As crappy as this sounds, it does fade into the background as just “the way it is” and after about a week the more important teachings start to emerge. Those teachings come from the people, though that’s not easy to see at first. Not easy because there are SO MANY people. Even on the quietest day and night, people jam the streets, motorbike and cars honk, and cows moo. All the shops are tiny and everything is colorful and dusty. And there are beautiful saris on every woman. And there are people dressed in no clothes at all. And there are Hindu Swamis with tangled beards and ashes streaking their foreheads. And there are beautiful children with big brown eyes.

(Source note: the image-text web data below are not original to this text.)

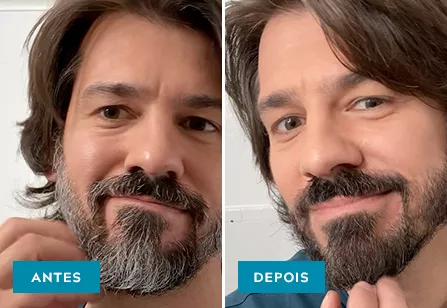 Bigode e barba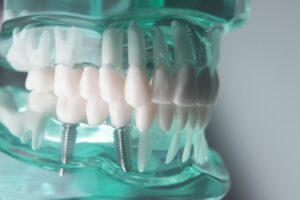 Имплантация зубов: что стоит знать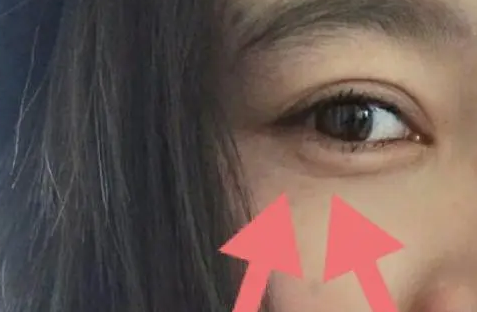 眼袋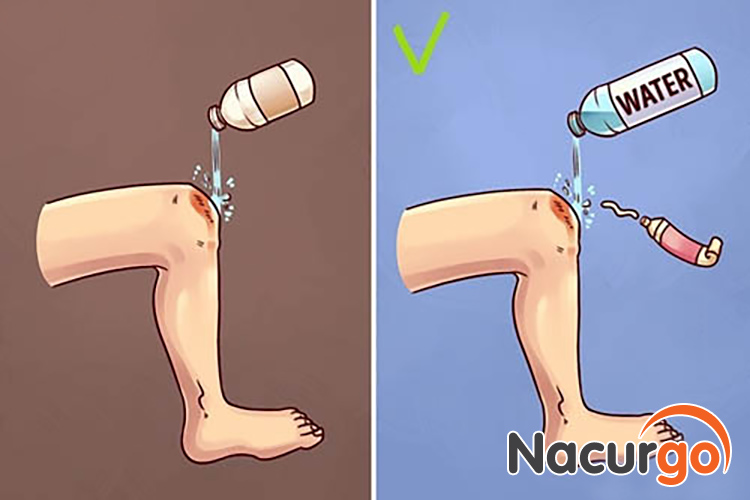 Sử dụng nước tinh khiết để rửa vết thương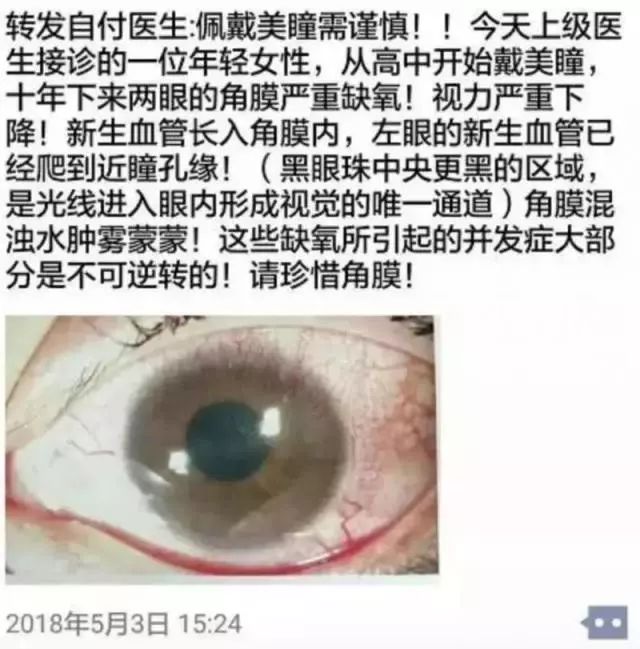 美瞳真的有这么可怕吗 (美瞳能毁掉双眼吗)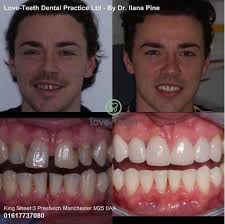 The customized mold covers the space perfectly. Dental Veneers And Composite Bonding Love Teeth Dental Practice Manchester Prestwich Salford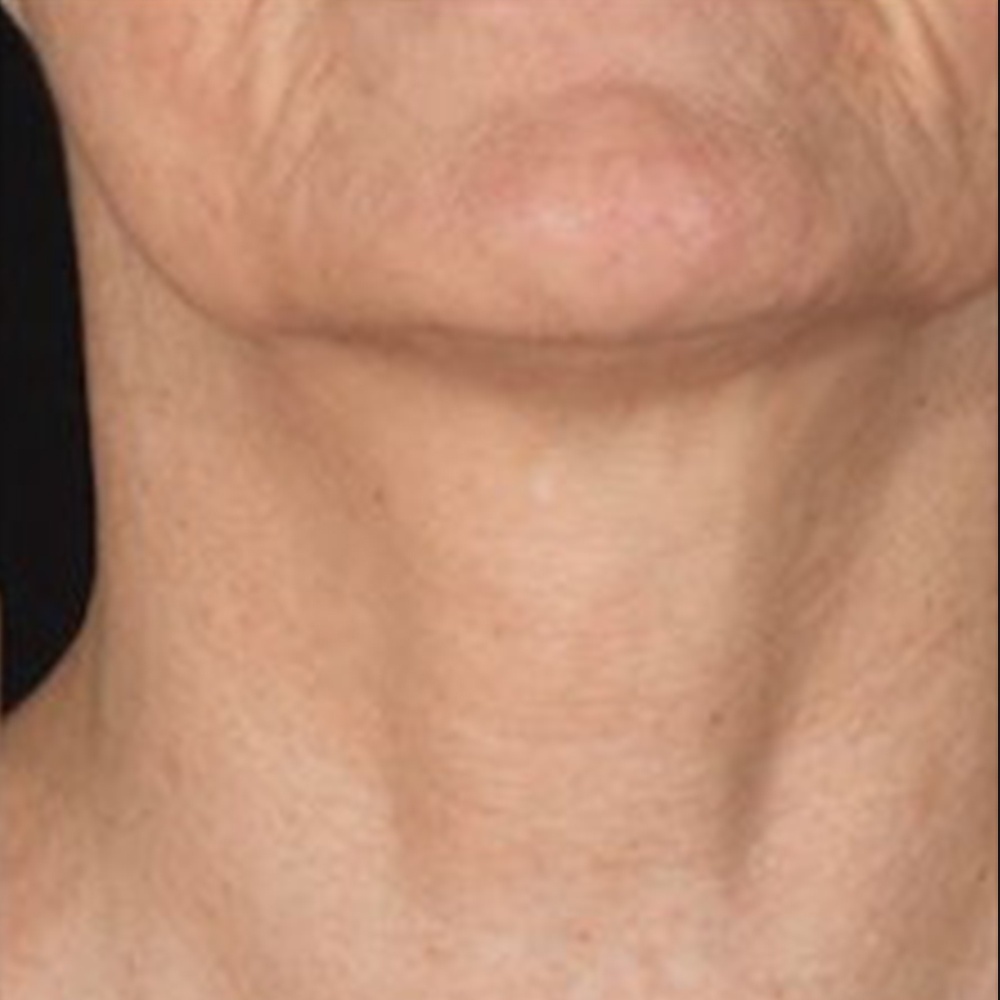 Neck after Potenza Treatment at CLINIQUE AG in Laval, Montreal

And any of these people will stare shamelessly at a light-skinned westerner since we are really the ones out of place.
But here’s the thing, here’s the lesson: If you catch the eye of any of these people, offer them a smile and a tip of the head, or touch your hand to your heart, or offer a slight bow with your hands held together in the position of prayer, what you get in return is love; a smile with what feels like an honest, guileless, open and loving connection with the soul of that person. It is not something we get very often in this country; the acknowledgement of the commonness of human experience; the sense of unity with other people; the consciousness that tells us there is a divinity that runs through all of humanity—call it what you will.
Truth be told, none of us are too busy to offer a brief connection with another person. A nod here, a smile there, a hand on your heart, a look in the eye. Try it. Just a couple of times a day. It’ll make you feel good. And them, too.